= Yefim Golyshev =

Ukrainian painter and composer

Yefim Golyshev (Юхим Голишев), variously transliterated as Golyscheff, Golyschev, Golishiff, Golishev, etc., 8 September 1897 – 25 September 1970) was a Ukrainian-born painter and composer who was mainly active in Europe.

After a successful career as a child prodigy violinist and the Reger Prize from Berlin's Stern Conservatory, Golyshev became one of the founding members of the Dadaist November Group, painting "anti-art" works and creating music for kitchen utensils and various new, invented instruments. In 1933 he had to flee from the Nazis, first to Portugal, then to Barcelona, where he worked as a chemist until 1938. He spent World War II in France, either in prison or hiding. Between 1956 and 1966 Golyshev, lived in São Paulo, where he influenced Brazil's Música Nova composers. He died in Paris in 1970.

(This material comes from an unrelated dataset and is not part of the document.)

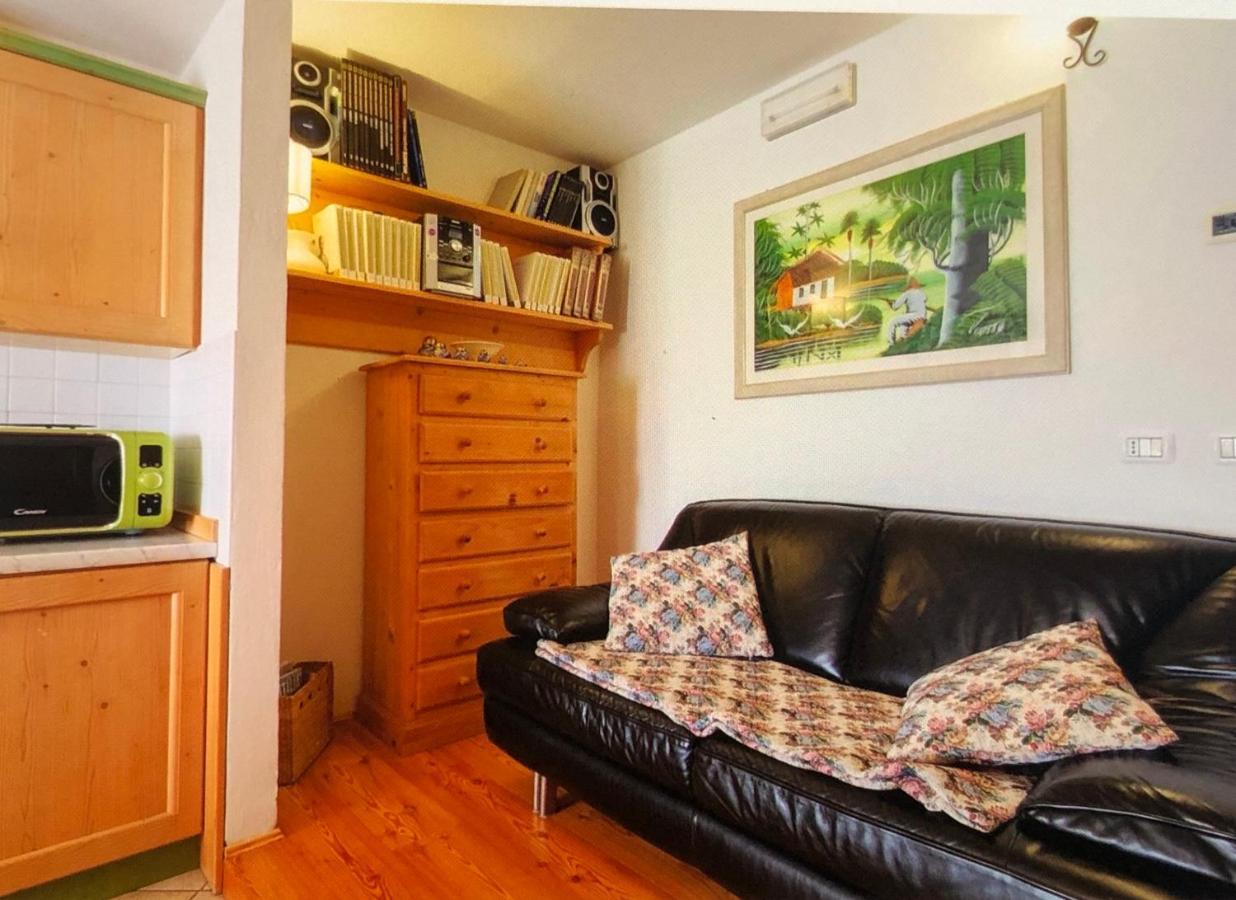 “Oltre Il Confine” Apartman Belluno Kültér fotó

Golyshev the composer is notable for his only surviving composition, a string trio. This piece, subtitled Zwölftondauer-Komplexe (twelve-tone-duration complexes), was published in 1925 in Berlin, but was possibly written as early as 1914. It makes use of various 12-note and 12-duration complexes, making it one of the earliest pieces of music composed using a variant of twelve-tone technique, and predating Olivier Messiaen's work. There are five movements, four provided with titles referencing their dynamics:
1. Mezzo-forte (Largo)
2. Fortissimo (Allegro)
3. Piano (Andante)
4. Pianissimo (Allegretto)
5. Adagio (Adagio)
The dynamics in the last movement are left to the performers to decide on. Copies of the archival score can be ordered directly from Robert Lienau, the original publishers of the work.

The rest of Golyshev's compositional output, which included two operas, romances, music for Vsevolod Pudovkin's lost film Igdenbu the Great Hunter, a string quartet and other pieces, is lost.

Golyshev provided illustrations for Sensorialité Excentrique, the last book published by Raoul Hausmann in 1970.